**EXERCISE OBJECTIVE:**
Go to the line with "Luxury Round Matte" in the records below, then output it and each following line exactly, up to and including the line with "MSA Safety Helmet, V-Gard®". Skip pictures and add nothing.

**SUPPLIED RECORDS:**
##########

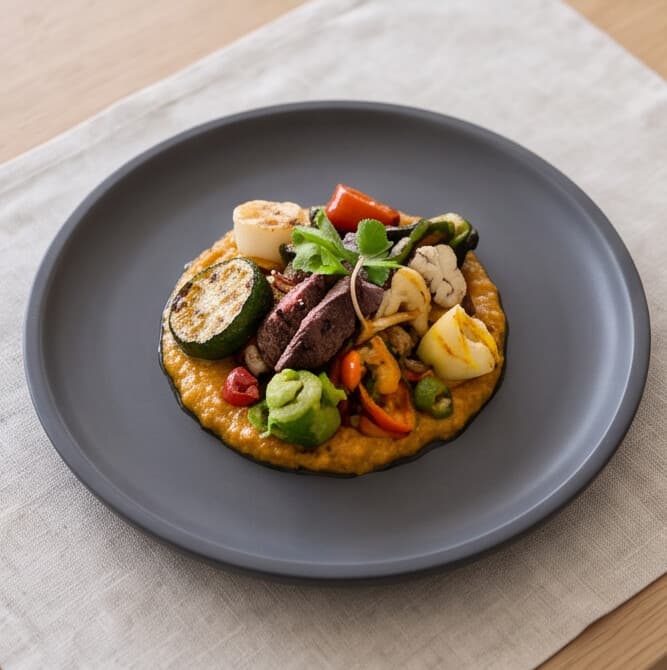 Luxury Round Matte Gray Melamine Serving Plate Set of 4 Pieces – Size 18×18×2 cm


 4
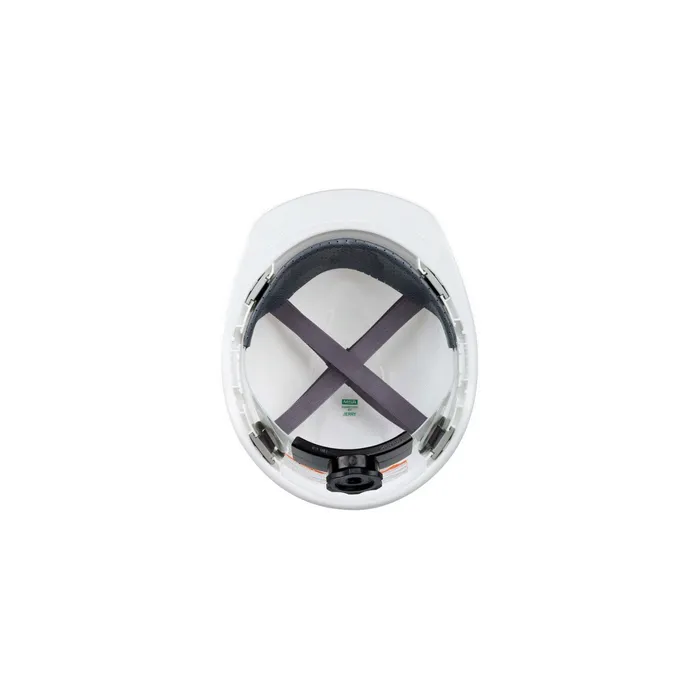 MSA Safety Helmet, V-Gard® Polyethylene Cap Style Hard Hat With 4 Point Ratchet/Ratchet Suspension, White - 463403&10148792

##########

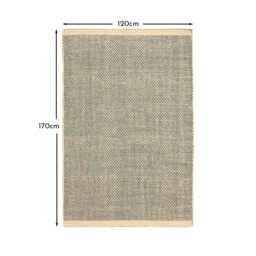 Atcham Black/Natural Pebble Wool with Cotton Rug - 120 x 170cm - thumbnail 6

##########

**TASK ANSWER:**
 Luxury Round Matte Gray Melamine Serving Plate Set of 4 Pieces – Size 18×18×2 cm


 4
 MSA Safety Helmet, V-Gard® Polyethylene Cap Style Hard Hat With 4 Point Ratchet/Ratchet Suspension, White - 463403&10148792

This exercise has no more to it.